Here is the trap in a realistic scenario:

data = [1, "hello", 2, "world", 3]

# correct
data.grep(Integer)                    # => [1, 2, 3]
data.select { |x| Integer === x }     # => [1, 2, 3]

# reversed: looks similar, silently broken
data.select { |x| x === Integer }     # => []

The reversed version returns an empty array every time, with no warning, as it is expected cause the object x is defining ===.

You can find out that in these two cases there are two different methods executed:

1.method(:===) # => #<Method: Integer#===(_)>
Integer.method(:===) # => #<Method: #<Class:Integer>(Module)#===(_)>

The method Integer#=== is defined as an alias for == and says this:

Returns whether self is numerically equal to other:

But the method from Module#=== is defined as:

Returns whether other is an instance of self, or is an instance of a subclass of self

There is one edge case where reversal accidentally works by default: when both sides are strings.

"hello" === "hello"   # => true   (String#== compares values)
"hello" === "world"   # => false

This works because String#== compares string content. The moment you switch to a Regexp or a class, the reversal breaks.

/hello/ === "hello world"    # => true   (Regexp#match?)
"hello world" === /hello/    # => false  (String#== sees a non-String, returns false)

grep protects you from this by always calling pattern === element with the pattern on the left. That is part of why reaching for grep is the right call, not just a style preference.

Benchmarks I Ran

I wrote three Ruby scripts to sanity-check behavior and measure runtime:

  • benchmark_select_by_kind.rb

  • benchmark_select_by_range.rb

  • benchmark_partition_instead_of_double_select.rb

Each script first asserts semantic equivalence, then runs repeated benchmarks with benchmark-ips.

ruby benchmark_select_by_kind.rb
ruby benchmark_select_by_range.rb
ruby benchmark_partition_instead_of_double_select.rb

Results on my machine

  • SelectByKind: grep(UserRecord) reached 4.2 i/s vs 2.6 i/s for select { is_a? } (about 1.62x throughput).

  • SelectByRange: grep(range) and grep_v(range) reached 1.1 i/s vs 0.9 i/s for cover?-based filters (about 1.17x throughput).

  • PartitionInsteadOfDoubleSelect: partition reached 1.0 i/s vs 0.6 i/s for select + reject (1.68x throughput), because it walks once.

Should You Enable Them?

My recommendation:

  1. Enable Style/SelectByKind - because it encodes idiomatic Ruby and keeps intent explicit.

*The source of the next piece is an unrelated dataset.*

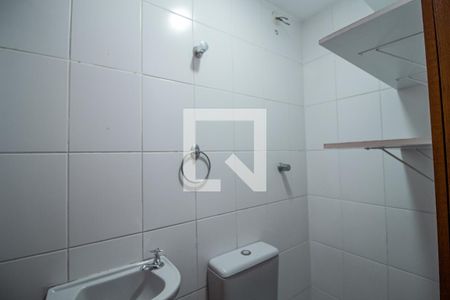 Apartamento para alugar com 132m², 4 quartos e 2 vagas Apartamento para alugar com 132m², 4 quartos e 2 vagasBanheiro de serviço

  2. Enable Style/SelectByRange - because it keeps filtering style consistent across regex, class, and range patterns.

  3. Enable Style/PartitionInsteadOfDoubleSelect - because this one is both cleaner and genuinely more efficient.

Since these cops were added in v1.85.0, they may still be in pending status and not enabled by default. Here is the .rubocop.yml snippet to enable them explicitly:

Style/SelectByKind:
  Enabled: true

Style/SelectByRange:
  Enabled: true

Style/PartitionInsteadOfDoubleSelect:
  Enabled: true

If your team is not used to grep / grep_v, there will be a short learning curve. I still think it is worth it.

I might have missed edge cases in unusual enumerables. The performance gains are small in isolation so I think performance should not be the main metric why you should consider these cops. If you saw different benchmark behavior in your app, I would genuinely like to hear it.